Dekabristen-Alphabet

Hier sind Dekabristen und Dekabristen-Frauen namentlich aufgeführt, zum Teil mit kurzen Informationen zur Peron


Die Dekabristen - Revolutionäre für Russland
von Hanns-Martin Wietek

Teil I: Geschichte in Dokumenten

„Endlich brachte mir mein Bruder Zeitungen und berichtete, mein Mann sei verurteilt worden. Man habe ihn und seine Gefährten auf dem Festungskronwerk degradiert.

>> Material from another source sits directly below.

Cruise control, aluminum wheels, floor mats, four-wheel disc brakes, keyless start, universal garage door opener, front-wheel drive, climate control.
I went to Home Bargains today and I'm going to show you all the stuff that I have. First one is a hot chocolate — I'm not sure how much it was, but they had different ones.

Das war so vor sich gegangen: Im Morgengrauen des 13. Juli wurden alle Verurteilten auf dem Kronwerk versammelt und nach Kategorien getrennt vor dem Galgen aufgestellt. Sergej zog sich sofort den Offiziersrock aus und warf ihn ins Feuer, um zu vermeiden, dass man ihn ihm abriss. Es waren mehrere Feuer angezündet worden, in denen man die Uniformen und die Orden der Verurteilten verbrannte. Sie mussten niederknien und wurden degradiert, indem die Gendarmen auf den Köpfen der Delinquenten deren Säbel zerbrachen. Das geschah so ungeschickt, dass mehrere von den Männern Kopfverletzungen davontrugen. Nach der Rückkehr ins Gefängnis erhielten sie Zuchthausessen statt der gewohnten Verpflegung. Außerdem gab man ihnen Zuchthauskleidung - Jacke und Hose aus grobem grauem Tuch.

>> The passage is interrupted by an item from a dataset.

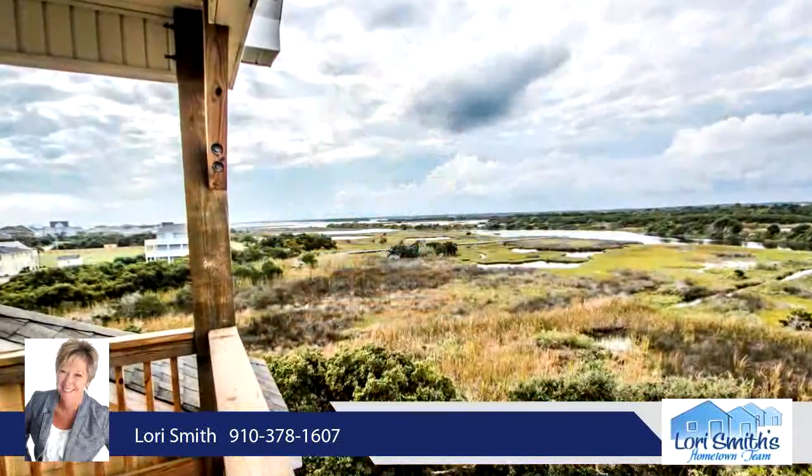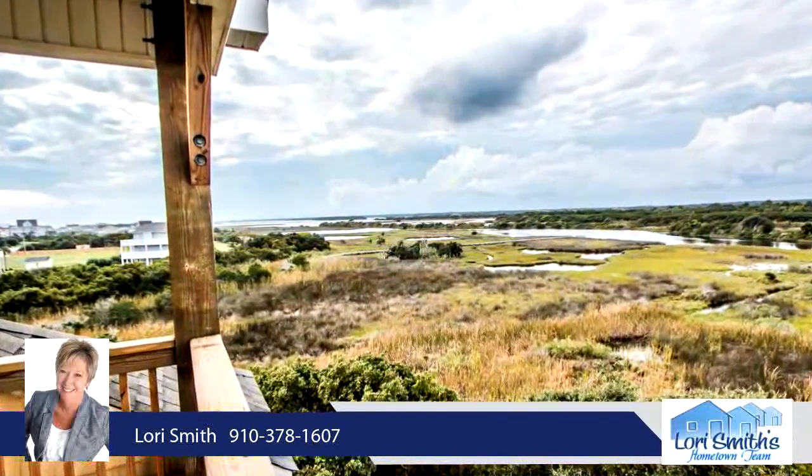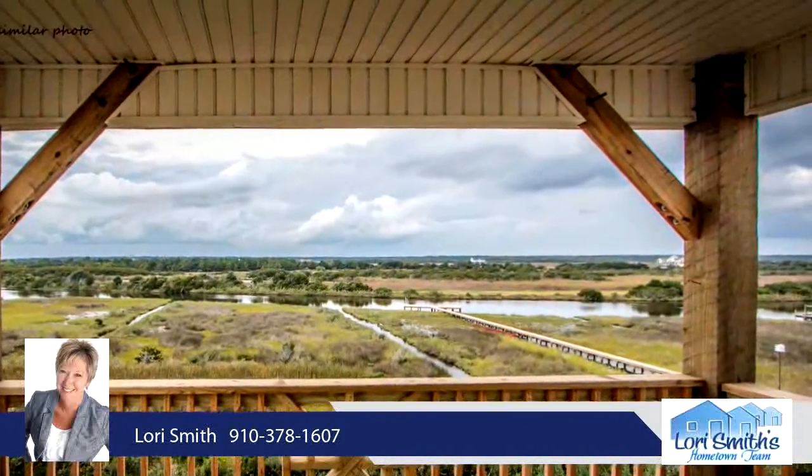The second floor is the primary living area with an open living room, dining room, kitchen with pantry, and a half bath.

Dieser Szene folgte eine zweite, weitaus schrecklichere. Die fünf zum Tode verurteilten - Pestel, Sergej Murawjow, Rylejew, Michail Bestushew-Rjumin und Kachowski - wurden zur Richtstätte geführt. Man henkte sie, aber so grässlich unbeholfen, dass drei aus der Schlinge rutschten und noch einmal zum Schafott geführt werden mussten. Sergej Murawjow, der sich das Bein gebrochen hatte, lehnte es ab, gestützt zu werden, und Rylejew spottete: »Ich bin glücklich, zweimal für das Vaterland sterben zu dürfen. «

Ihre Leichen wurden in zwei Tröge gelegt, die mit ungelöschtem Kalk gefüllt waren, und auf der Insel Golodai begraben. Dort stand ein Posten, der keinen zu den Gräbern ließ. Ich kann bei dieser Szene nicht verweilen und sie genauer beschreiben, die Erinnerung schmerzt mich allzu sehr. General Tschernyschow, später Graf und Fürst, spazierte um die fünf Galgen herum, betrachtete die Opfer durch seine Lorgnette und lachte.

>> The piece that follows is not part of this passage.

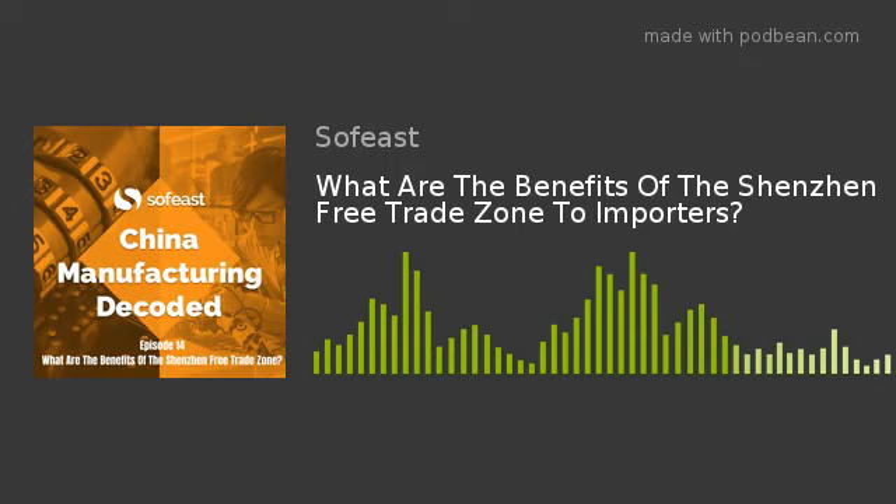Welcome to China Manufacturing Decoded from SofEast, the podcast where we take you through some of the major topics facing importers and manufacturers in China today. Welcome along to episode 14 of the podcast. Today we're discussing the Chinese free trade zones — what are they, what are the benefits to you if you're importing from China, and we'll look more closely at the Pingshan-Shenzhen China free trade zone, where SofEast have just opened up a new RMA packing and fulfillment facility.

Mein Mann verlor Titel, Vermögen und Bürgerrechte und wurde zu zwanzig Jahren Zwangsarbeit sowie lebenslänglicher Verbannung verurteilt. Am 26. Juli schickte man ihn zusammen mit den Fürsten Trubezkoi und Obolenski, mit Dawydow, Artamon Murawjow, Jakubowitsch und den Brüdern Borissow nach Sibirien.“ [Zitat aus: Fürstin Maria Wolkonskaja, Erinnerungen, St. Petersburg, 1904]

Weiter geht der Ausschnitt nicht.